• [Data for this task]:

○ ○ ○ ○

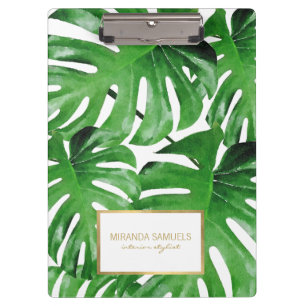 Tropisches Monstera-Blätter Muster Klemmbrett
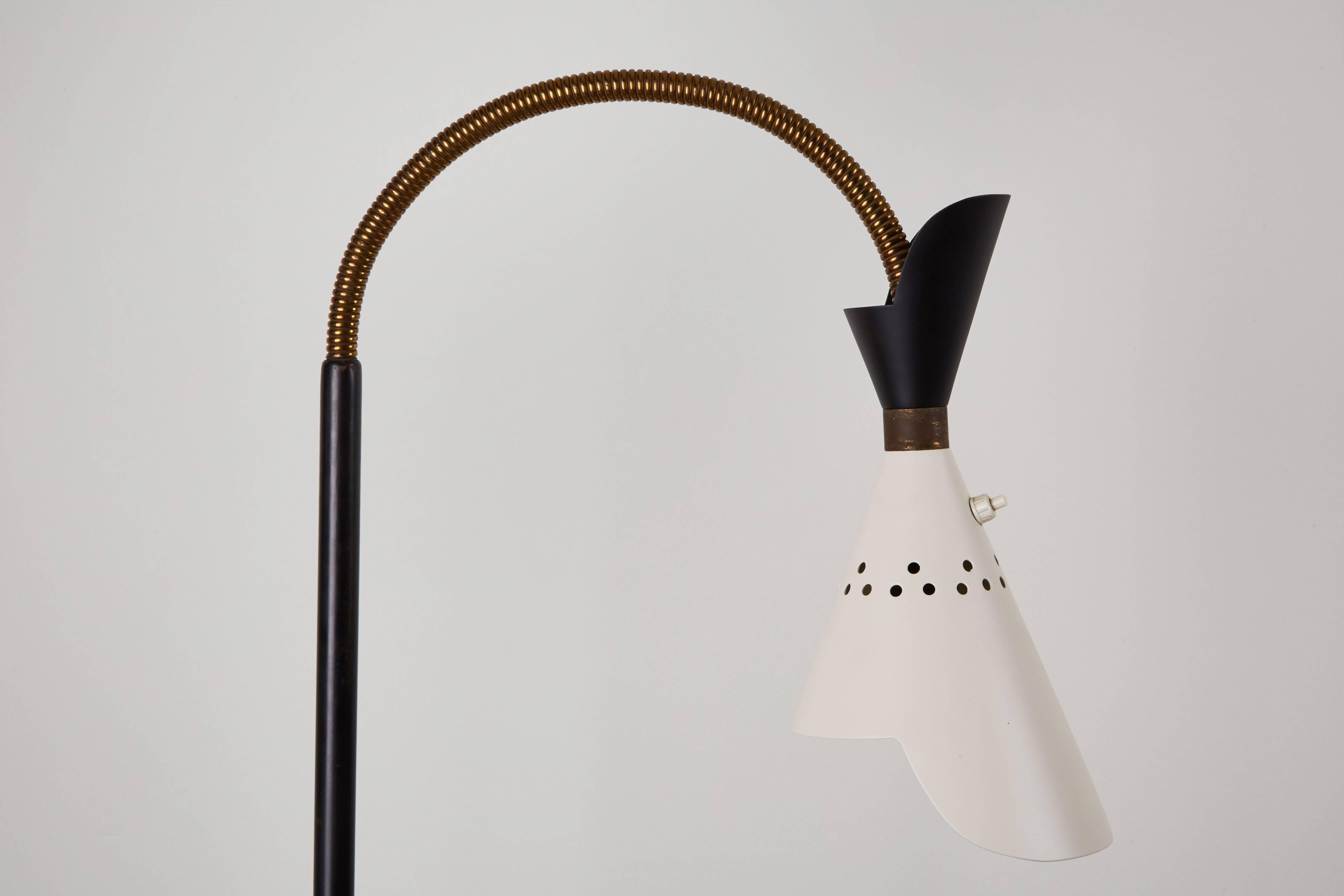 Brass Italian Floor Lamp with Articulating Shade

○ ○ ○ ○

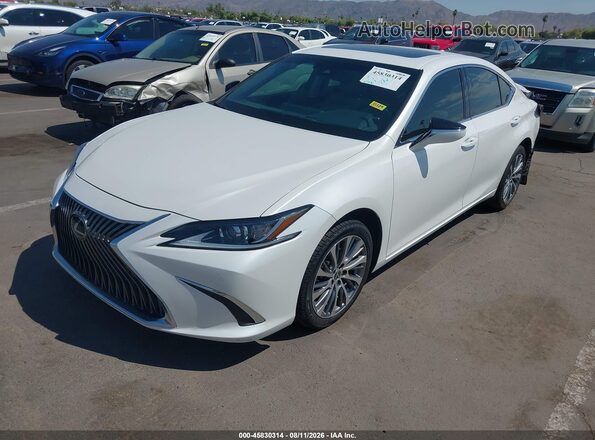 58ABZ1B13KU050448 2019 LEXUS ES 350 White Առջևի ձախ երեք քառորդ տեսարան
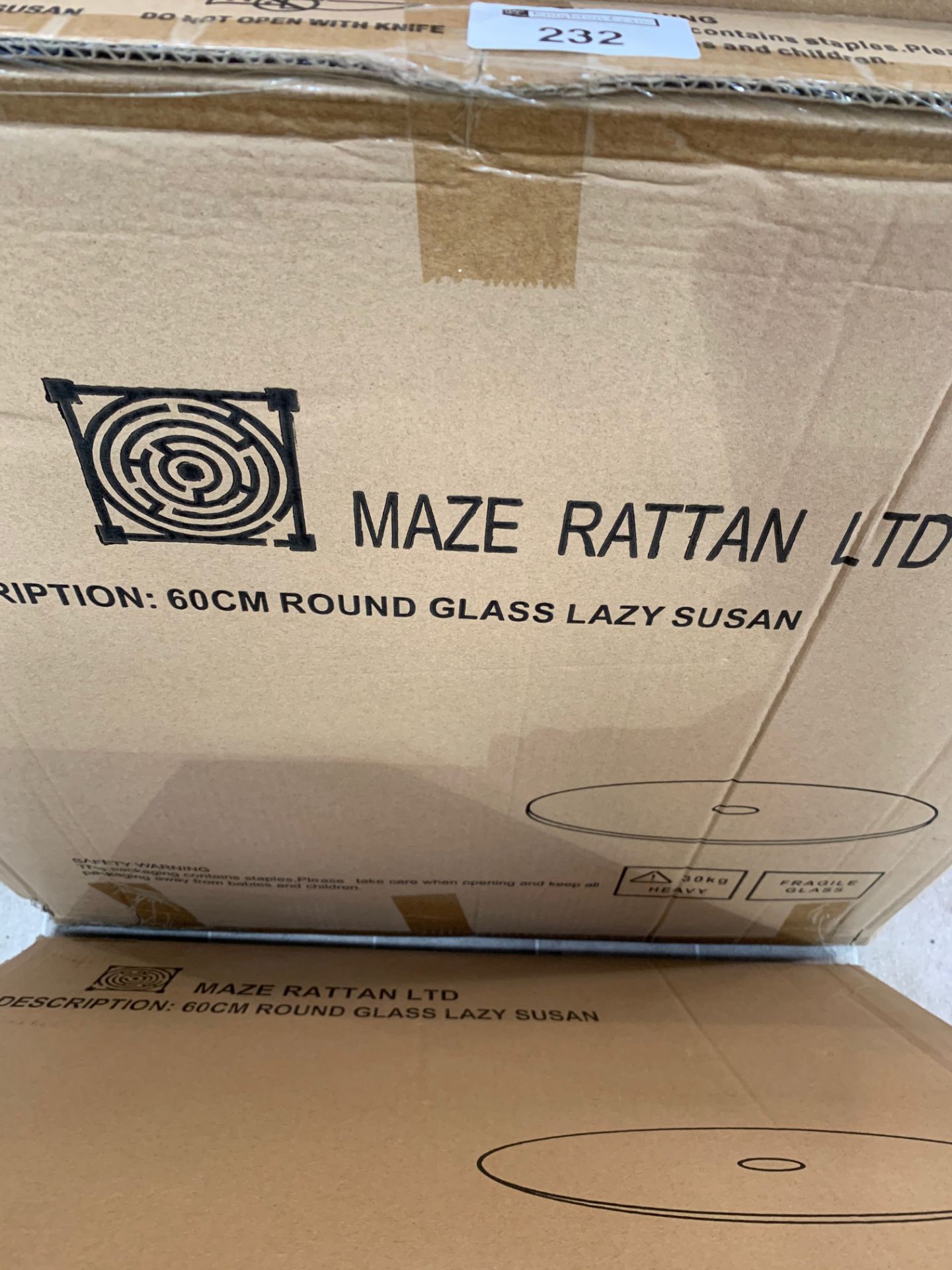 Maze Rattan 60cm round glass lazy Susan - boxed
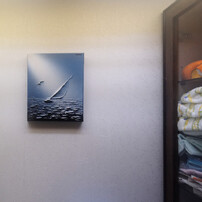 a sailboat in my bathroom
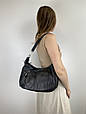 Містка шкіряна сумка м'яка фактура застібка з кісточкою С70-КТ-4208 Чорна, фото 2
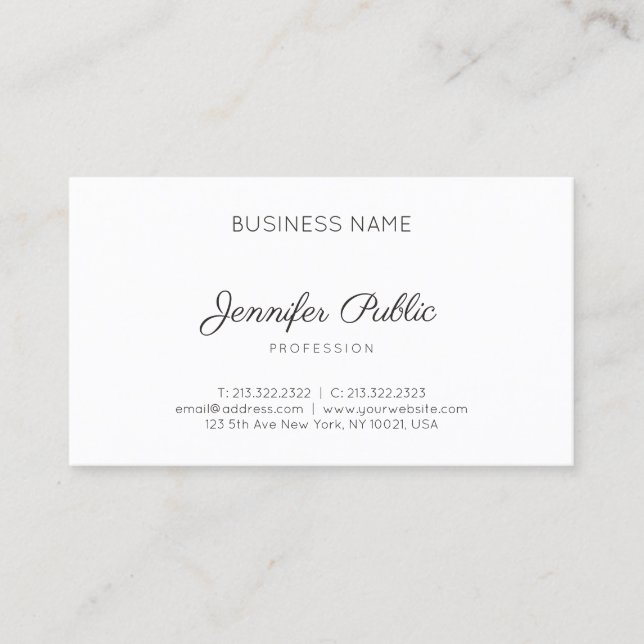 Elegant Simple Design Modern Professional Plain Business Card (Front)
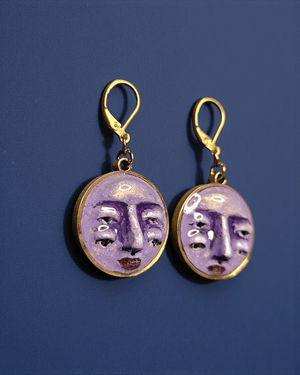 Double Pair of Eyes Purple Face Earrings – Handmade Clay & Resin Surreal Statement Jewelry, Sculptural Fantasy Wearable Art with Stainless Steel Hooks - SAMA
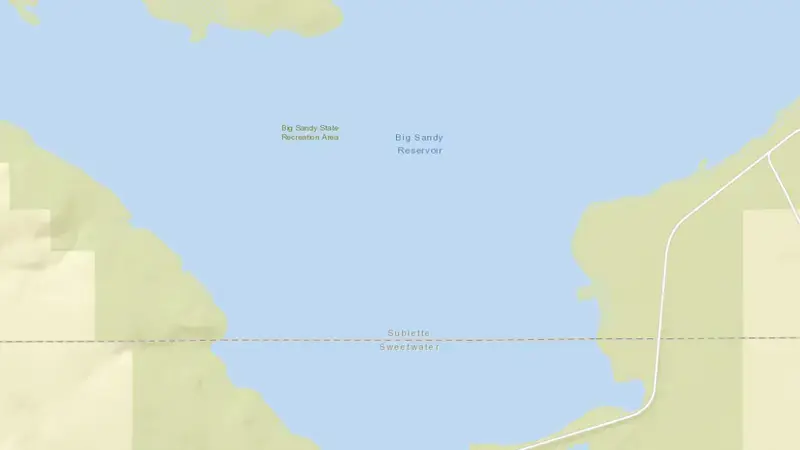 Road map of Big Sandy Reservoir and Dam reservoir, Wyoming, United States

○ ○ ○ ○

• [Task brief]:
In the listing above, the required lines run from the line with "Містка шкіряна сумка" through the line with "Road map of". Output exactly those lines, omitting pictures.

• [Task response]:
 Містка шкіряна сумка м'яка фактура застібка з кісточкою С70-КТ-4208 Чорна, фото 2
 Elegant Simple Design Modern Professional Plain Business Card (Front)
 Double Pair of Eyes Purple Face Earrings – Handmade Clay & Resin Surreal Statement Jewelry, Sculptural Fantasy Wearable Art with Stainless Steel Hooks - SAMA
 Road map of Big Sandy Reservoir and Dam reservoir, Wyoming, United States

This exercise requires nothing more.